O enredo se organiza em torno de um velho que mora numa cabana na floresta, com seu neto, um gato e uma pata. O apelo da primavera e o primeiro canto de um pássaro atraem Pedro, o neto, que sai de casa e se encontra com o lobo feroz que atemorizava todos os habitantes da região. Mas com a ajuda do pássaro, salva os amigos e torna-se um herói, orgulho do avô. Em português, há uma versão de 1969, adaptada por Heló, em edição da Brasil-América.

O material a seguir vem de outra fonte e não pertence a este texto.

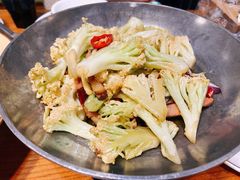 干锅腊肉花菜-豫江南川湘料理(岗顶六店)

Além disto, uma antiga gravação, também adaptada do filme de Walt Disney, Música Maestro!, com uma narração dramática de Paulo Roberto, que acompanha a narrativa musical onde as personagens estão identificadas com instrumentos de corda e sopro, num arranjo que mistura tensão e bom humor.
Pois esta história ingênua e cativante que metaforicamente fala de sair para o mundo, expor-se e sobreviver por seu próprio engenho e arte, está no exíguo palco da Cândido Mendes, numa versão de Beto e Denise Crispun.
Na trilha do bom humor, esta versão ipanemense de Pedro e o Lobo atualiza o discurso para os maiores, fazendo uso de expressões e referências de linguagem vindas de outro contexto, como a TV e a publicidade, em tiradas espirituosas.
Para os bem pequenos, a versão guarda as emoções e os sustos que fazem o suspense e a surpresa da narrativa tradicional.
Um encaixe providencial desta história em outra permite conservar o recurso a um narrador explícito, marca indelével da literatura oral. Aqui ele é o bobo da corte deste reino que, ameaçado pelo lobo, declara aberta a temporada de cala,
através de oficiais de seu exército. A rainha promete recompensas e conclama a população a fiscalizar os caminhos do terrível inimigo.
No espaço diminuto deste teatro de arena, a inventividade faz milagres para localizar a cabana e o lago, a floresta e o salão de audiência real. É uma produção extremamente despojada – lugar forçado no teatro infantil – mas nem
por isto compromete a agilidade do trabalho de Luiz Salem que também faz o bobo e o lobo. A direção explora exatamente este aspecto lúdico que comuta tensão e distensão em cena.
A música, como não poderia deixar de ser, pontifica, desde a primeira cena, quando o tema é apresentado em Coro a capela pelo grupo de atores. Depois desdobra-se e se mistura com ritmos modernos que ajudam a carnavalizar a
versão. A iluminação de Marcos Quinderé atua apenas como grifo para o clima emocional de cada cena.
Mais que os figurinos, um bom trabalho corporal e cênico ajuda a caracterizar as personagens – animais, convincentes em seu desempenho. Exceto por certas falas que se perdem no meio do palco, Pedro/Jonas Torres dá conta do recado e
da missão de matar o lobo, e no final do espetáculo, distribui autógrafos no programa da peça.
A exiguidade dos recursos e a adaptação não desvalorizam o bom trabalho técnico do grupo e o texto original. Para o público de Denise e Beto Crispun, depois do sucesso de Morangos e Lunetas, fica confirmado o respeito pela sensibilidade e inteligência infantis.